Macaw achieves this by using a combination of “slots” as its inputs and outputs. These slots are the Context, Question, Multiple-choice options, Answer and Explanation. By using different “angles” or combinations of these slots as the input, a different, often more accurate output can be generated. (see figure below)
For example, you might input a question along with its context in order to get an answer. Or you might give Macaw a question, an answer and the context and the system would return a set of multiple-choice options as its output. Macaw can even generate explanations to accompany its answers, though the study’s researchers consider these to be of lower quality than the other kinds of results the model generates.
“We’ve used it for generating explanations for questions and answers,” Clark explains. “So, we can say, we have an answer to this question. Can you explain it for us? And Macaw was able to do that as well.”
Macaw’s output is further improved by recursively assembling its inputs and outputs in different combinations, so they can be fed back into the system, often improving the accuracy of the final output. The result is a much stronger “zero-shot” performance. Zero-shot in this context refers to generating answers to questions for which Macaw has no prior labeled examples. This amounts to a kind of inference, a variation of the kind of reasoning people perform, reaching conclusions based on evidence. While it’s no surprise the system isn’t as good as we are at this, it’s still impressive.

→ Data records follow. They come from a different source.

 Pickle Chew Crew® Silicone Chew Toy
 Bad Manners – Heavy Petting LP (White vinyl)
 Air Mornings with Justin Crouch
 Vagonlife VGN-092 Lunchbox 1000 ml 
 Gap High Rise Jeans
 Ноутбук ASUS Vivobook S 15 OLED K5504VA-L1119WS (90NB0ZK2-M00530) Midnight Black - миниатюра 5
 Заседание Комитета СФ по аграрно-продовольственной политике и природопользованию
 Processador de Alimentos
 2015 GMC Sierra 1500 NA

Though Macaw reaches its answers very differently from how we do, it’s a little analogous to our own reasoning. Several pieces of information are often more helpful than a single item or data point, even though they may not all be directly relevant. Different contexts may also alter the conclusions we reach. At a certain level, the same can be said for Macaw.

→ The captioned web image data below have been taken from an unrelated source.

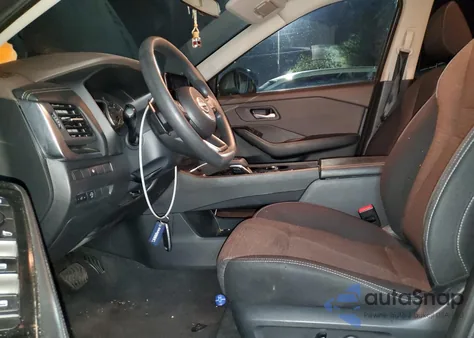 2023 Nissan Rogue Sv из США, поврежденный, VIN 946898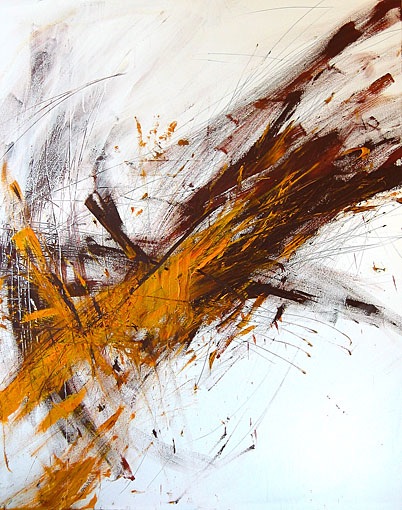 My Dance, 2005   Oil and graphite on canvas
149 x 120 cm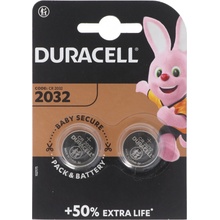 Duracell CR2032 2ks 10PP040009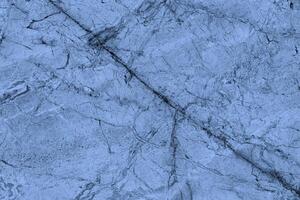 texture de bleu marbre carrelage avec rayures. abstrait Contexte. photo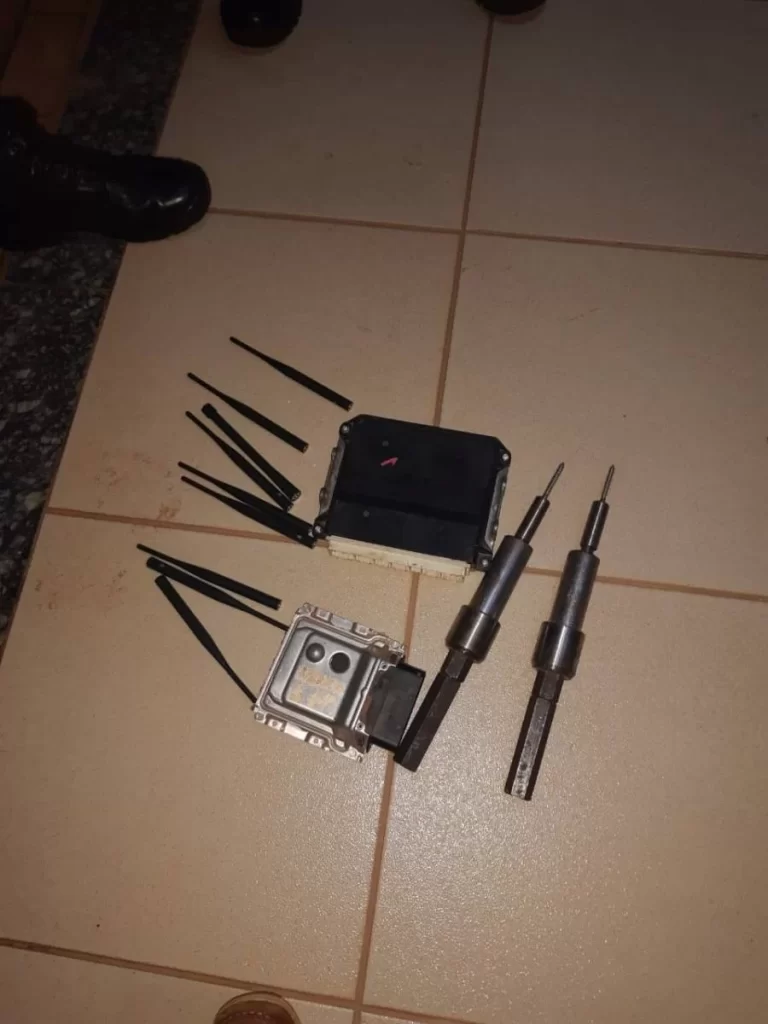 Quadrilha interestadual especializada no furto de camionetes de luxo ÃÂ© presa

One of the ongoing challenges in artificial intelligence is to give it general commonsense about the world, much as people have. To this end, AI2 has its Mosaic project, a team led by Yejin Choi that focuses on developing machine commonsense reasoning.
But Macaw also demonstrates a considerable degree of commonsense as a result of its being trained on millions of real-world questions and answers. Combined with its ability to perform zero-shot reasoning, it’s feasible that Macaw and other commonsense systems could one day support each other, contributing to and reinforcing each other’s capabilities.
Clark acknowledges this. “There is a huge overlap and our two teams do work very closely together,” he said. Details about Macaw’s approach and methods can be found in the study paper, “General-Purpose Question-Answering with Macaw” by Oyvind Tafjord and Peter Clark, both of AI2.